FLAMES Team, Restore Institute, Inserm, Toulouse III Paul Sabatier University, 4Bis Av. H. Curien, 31100, Toulouse, France.
Department of Plastic and Reconstructive Surgery, Toulouse University Hospital, 1 Av. Pr.Jean Poulhès, 31400, Toulouse, France.
Biol Direct. 2024 Sep 29;19(1):85. doi: 10.1186/s13062-024-00534-6.
Skin healing is a complex and dynamic physiological process that follows mechanical alteration of the skin barrier. Under normal conditions, this complex process can be divided into at least three continuous and overlapping phases: an inflammatory reaction, a proliferative phase that leads to tissue reconstruction and a phase of tissue remodeling. Macrophages critically contribute to the physiological cascade for tissue repair. In fact, as the inflammatory phase progresses, macrophage gene expression gradually shifts from pro-inflammatory M1-like to pro-resolutive M2-like characteristics, which is critical for entry into the repair phase. A dysregulation in this macrophage' shift phenotype leads to the persistence of the inflammatory phase. Mesenchymal stromal cells and specifically the MSC-derived from adipose tissue (ADSCs) are more and more use to treat inflammatory diseases and several studies have demonstrated that ADSCs promote the wound healing thanks to their neoangiogenic, immunomodulant and regenerative properties. In several studies, ADSCs and macrophages have been injected directly into the wound bed, but the delivery of exogenous cells directly to the wound raise the problem of cell engraftment and preservation of pro-resolutive phenotype and viability of the cells. Complementary approaches have therefore been explored, such as the use of biomaterials enriched with therapeutic cell to improve cell survival and function. This review will present a background of the current scaffold models, using adipose derived stromal-cells and macrophage as therapeutic cells for wound healing, through a discussion on the potential impact for future applications in skin regeneration. According to the PRISMA statement, we resumed data from investigations reporting the use ADSCs and bioscaffolds and data from macrophages behavior with functional biomaterials in wound healing models. In the era of tissue engineering, functional biomaterials, that can maintain cell delivery and cellular viability, have had a profound impact on the development of dressings for the treatment of chronic wounds. Promising results have been showed in pre-clinical reports using ADSCs- and macrophages-based scaffolds to accelerate and to improve the quality of the cutaneous healing.

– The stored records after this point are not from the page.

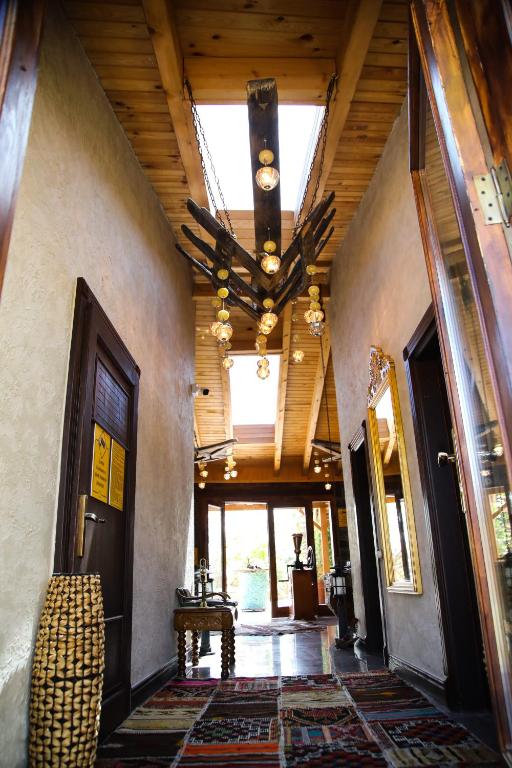 a hallway of a house with a ceiling at MAVİ AT HOTEL Blue Horse in Gümüşdere
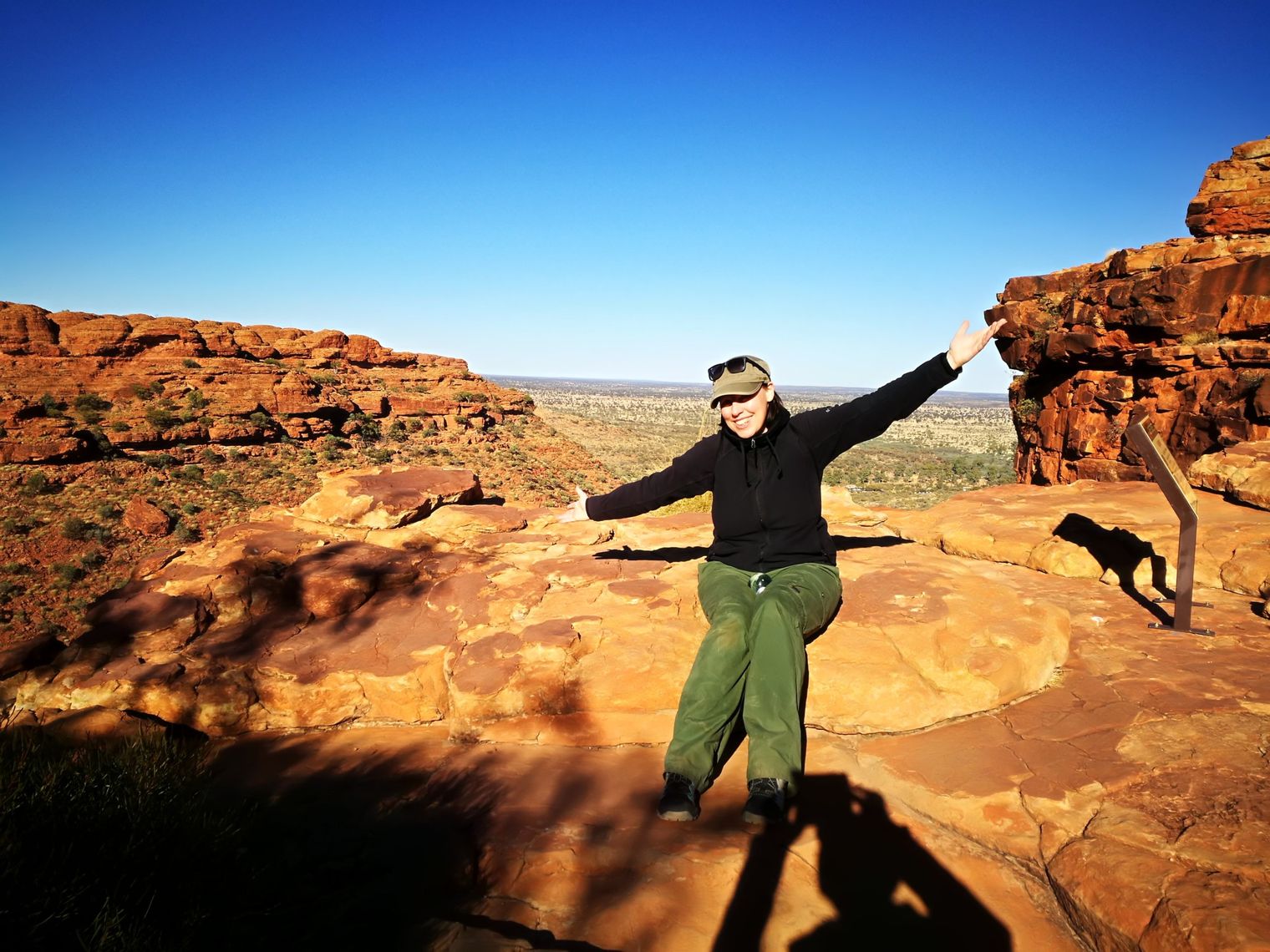 Nicole sitzt auf einem Felsen im Red Centre in Australien.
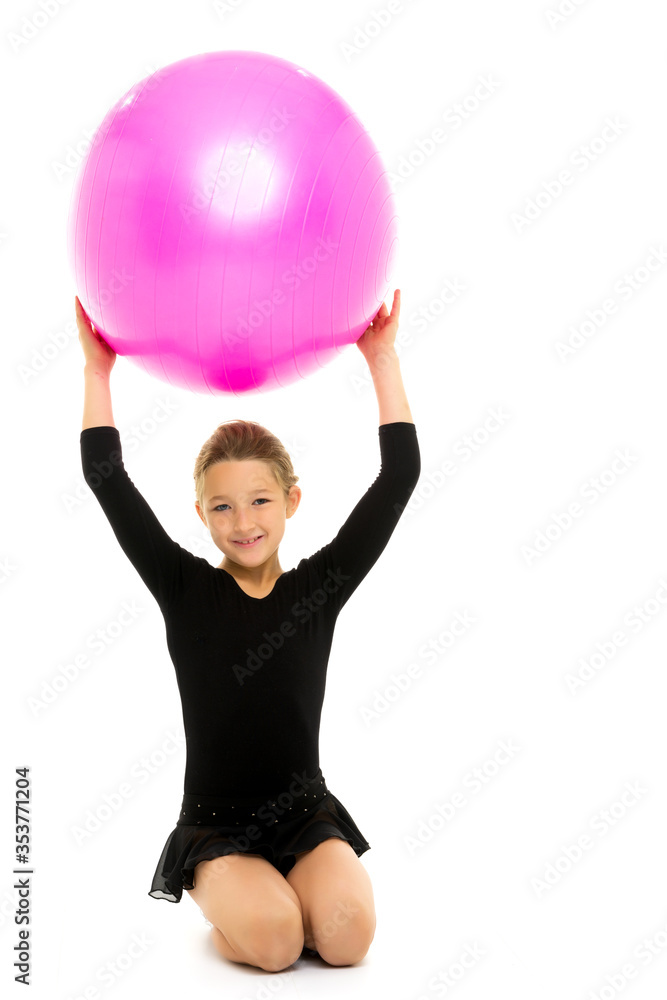 little girl doing exercises on a big ball for fitness. little girl doing exercises on a big ball for fitness.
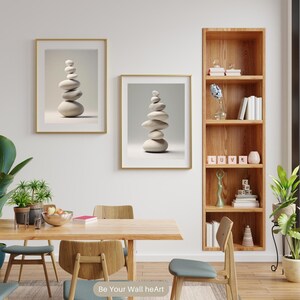 Puede incluir: Dos impresiones enmarcadas de piedras blancas apiladas sobre un fondo gris claro. Las impresiones est&aacute;n colgadas en una pared blanca sobre una mesa de comedor de madera con cuatro sillas. Una estanter&iacute;a de madera con estantes llenos de libros, objetos decorativos y un peque&ntilde;o jarr&oacute;n con flores azules se encuentra a la derecha de la imagen. El texto "Be Your Wall heArt" est&aacute; en la parte inferior de la imagen.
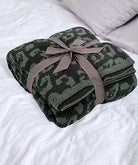 Folded LUXE DREAMS THROW BLANKET in dark charcoal and forest green with ribbon on a bed. Perfect for cozy nights in.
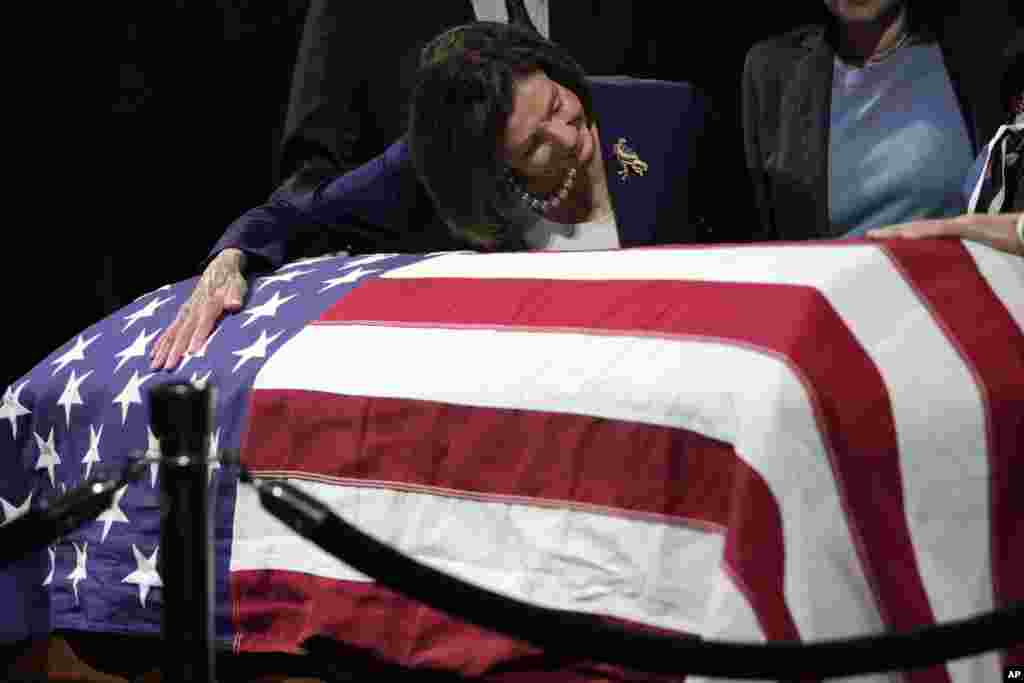 U.S. Rep. Nancy Pelosi, D-Calif., puts her arm around the casket of the late Sen. Dianne Feinstein at City Hall, Oct. 4, 2023, in San Francisco. Feinstein's body will lie in state at San Francisco City Hall. Feinstein, who died Sept. 29, served as San Francisco's mayor. 
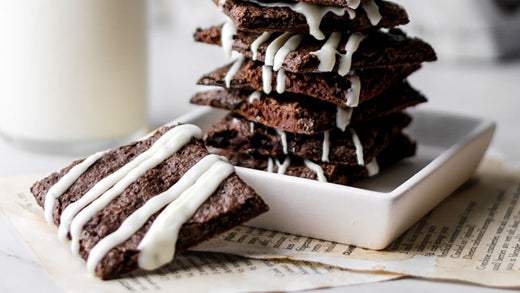 A stack of triple chocolate brownie brittle in front of a glass of milk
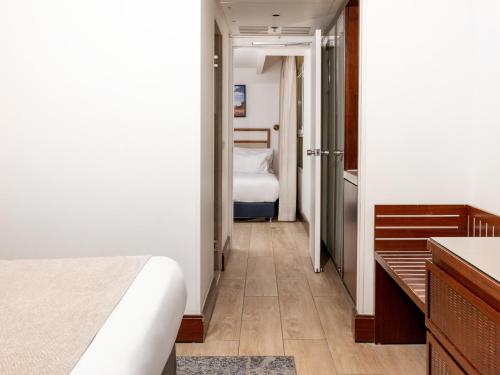 a hotel room with a bed and a bathroom at King Solomon by Isrotel Collection in Eilat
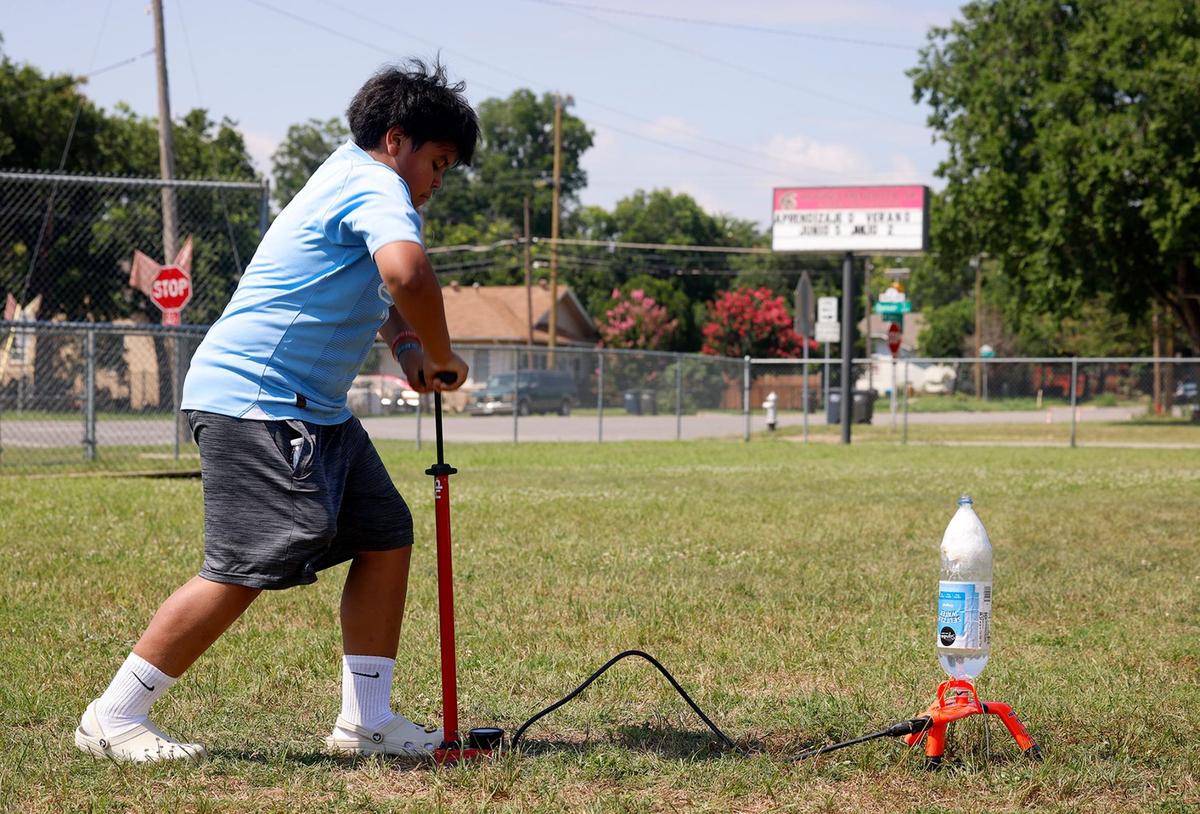 Marcos Puente Osorio pumps water into a soda bottle rocket engineered by a classmate during an enrichment camp at Rufino Mendoza Elementary School on June 12 in Fort Worth.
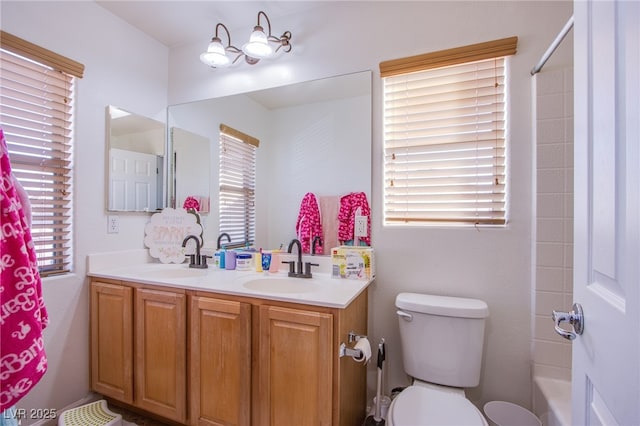 full bathroom with vanity, toilet, and  shower combination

皮肤愈合是一个复杂而动态的生理过程,它遵循皮肤屏障的机械改变。在正常情况下,这个复杂的过程可以至少分为三个连续且重叠的阶段:炎症反应、导致组织重建的增殖阶段和组织重塑阶段。巨噬细胞对组织修复的生理级联反应至关重要。事实上,随着炎症阶段的进展,巨噬细胞的基因表达逐渐从促炎 M1 样向促修复 M2 样特征转变,这对于进入修复阶段至关重要。这种巨噬细胞表型转变的失调会导致炎症阶段的持续存在。间充质基质细胞,特别是来源于脂肪组织的间充质基质细胞(ADSCs),越来越多地被用于治疗炎症性疾病,并且多项研究表明 ADSCs 由于其新生血管、免疫调节和再生特性,促进了伤口愈合。在几项研究中,ADSCs 和巨噬细胞已直接注射到伤口床中,但将外源性细胞直接输送到伤口会引起细胞移植和保持促修复表型以及细胞活力的问题。因此,已经探索了补充方法,例如使用富含治疗细胞的生物材料来提高细胞存活率和功能。本综述将介绍当前支架模型的背景,使用脂肪来源的基质细胞和巨噬细胞作为治疗细胞用于伤口愈合,通过讨论其对皮肤再生未来应用的潜在影响。根据 PRISMA 声明,我们从报告使用 ADSCs 和生物支架以及巨噬细胞在伤口愈合模型中与功能生物材料相互作用的研究中恢复了数据。在组织工程时代,能够维持细胞输送和细胞活力的功能生物材料对慢性伤口治疗敷料的发展产生了深远的影响。使用基于 ADSCs 和巨噬细胞的支架加速和改善皮肤愈合的临床前报告取得了有希望的结果。